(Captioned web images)
----------------

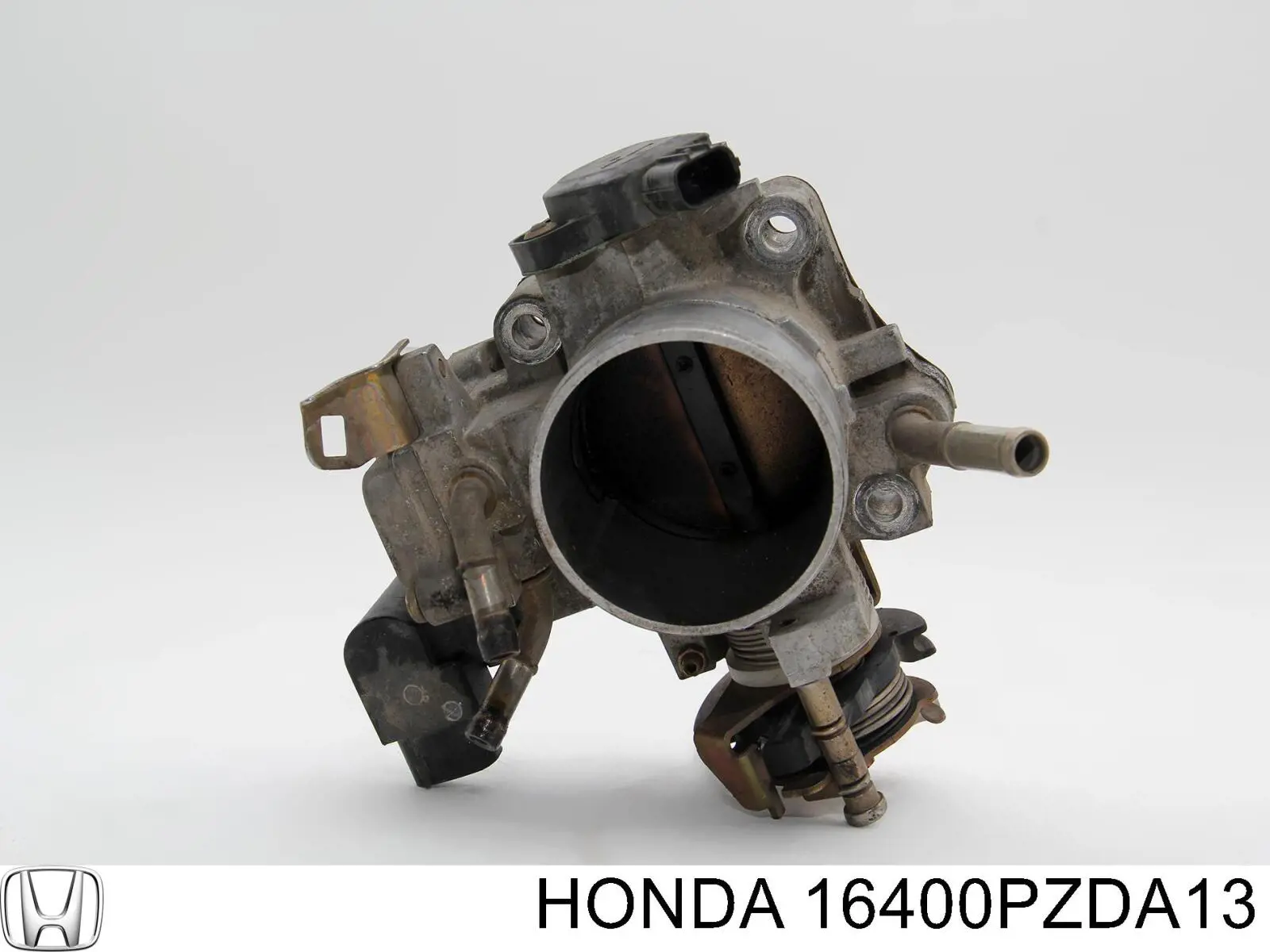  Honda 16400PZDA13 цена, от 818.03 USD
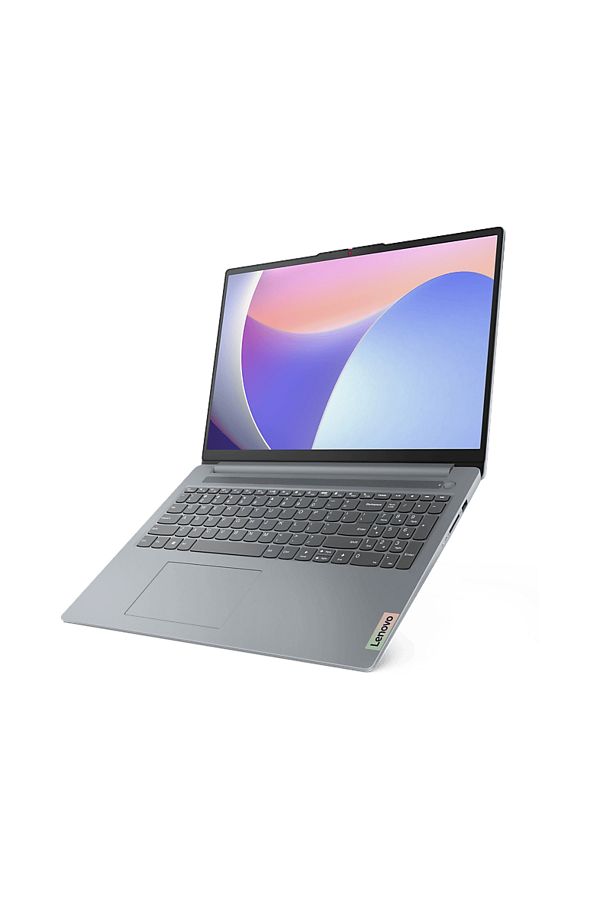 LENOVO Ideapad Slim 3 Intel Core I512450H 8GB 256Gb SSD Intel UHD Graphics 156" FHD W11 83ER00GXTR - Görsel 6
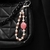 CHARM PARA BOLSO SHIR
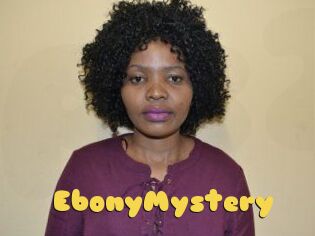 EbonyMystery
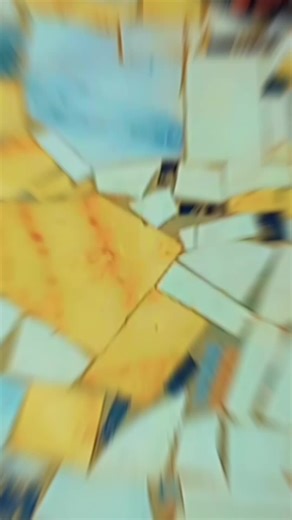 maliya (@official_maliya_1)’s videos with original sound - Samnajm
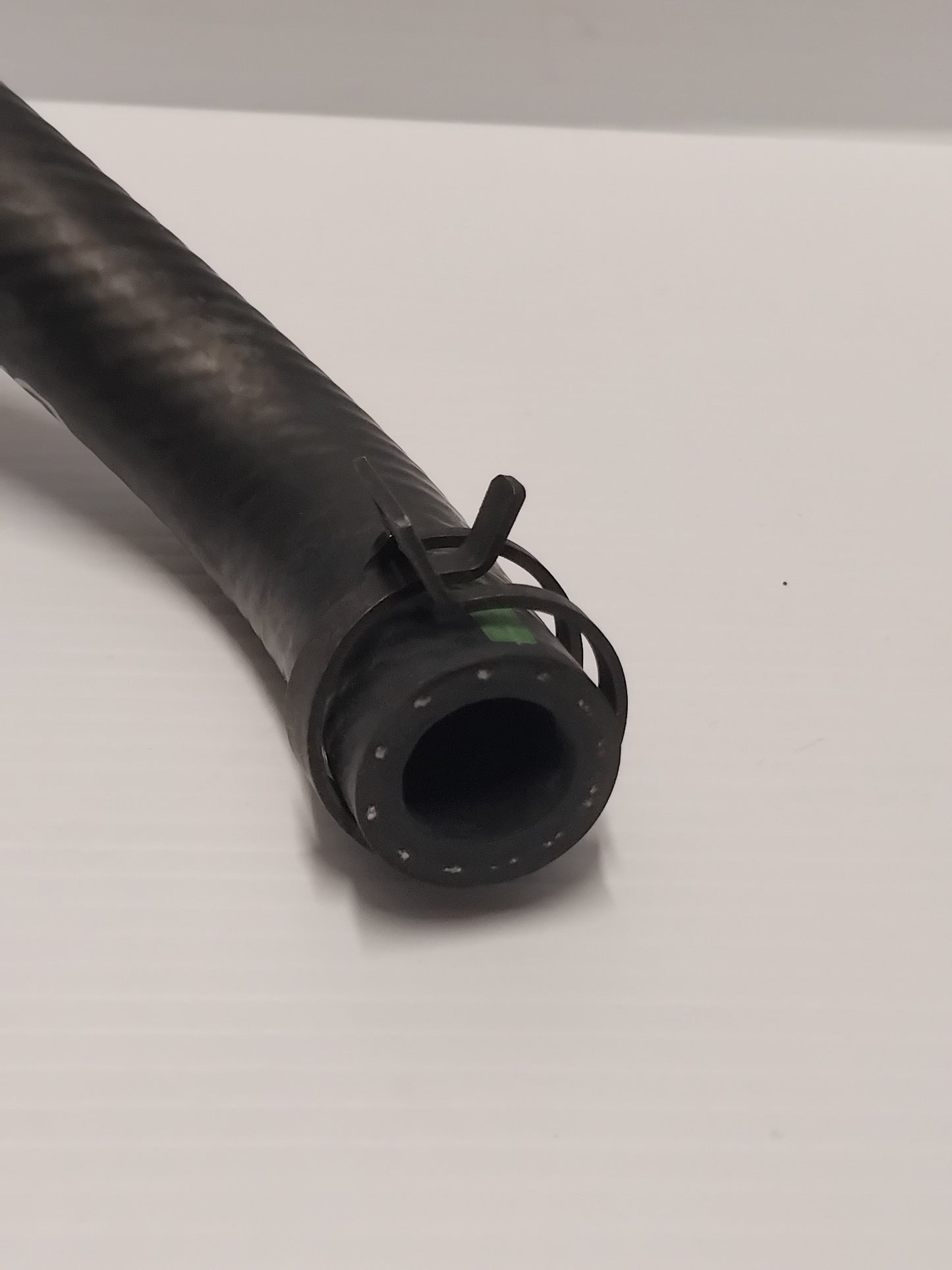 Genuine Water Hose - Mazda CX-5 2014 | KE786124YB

----------------

Required work: All that is needed is an exact copy of the entries above, minus the pictures.

Solution to the problem:
  Honda 16400PZDA13 цена, от 818.03 USD
 LENOVO Ideapad Slim 3 Intel Core I512450H 8GB 256Gb SSD Intel UHD Graphics 156" FHD W11 83ER00GXTR - Görsel 6
 CHARM PARA BOLSO SHIR
 EbonyMystery
 maliya (@official_maliya_1)’s videos with original sound - Samnajm
 Genuine Water Hose - Mazda CX-5 2014 | KE786124YB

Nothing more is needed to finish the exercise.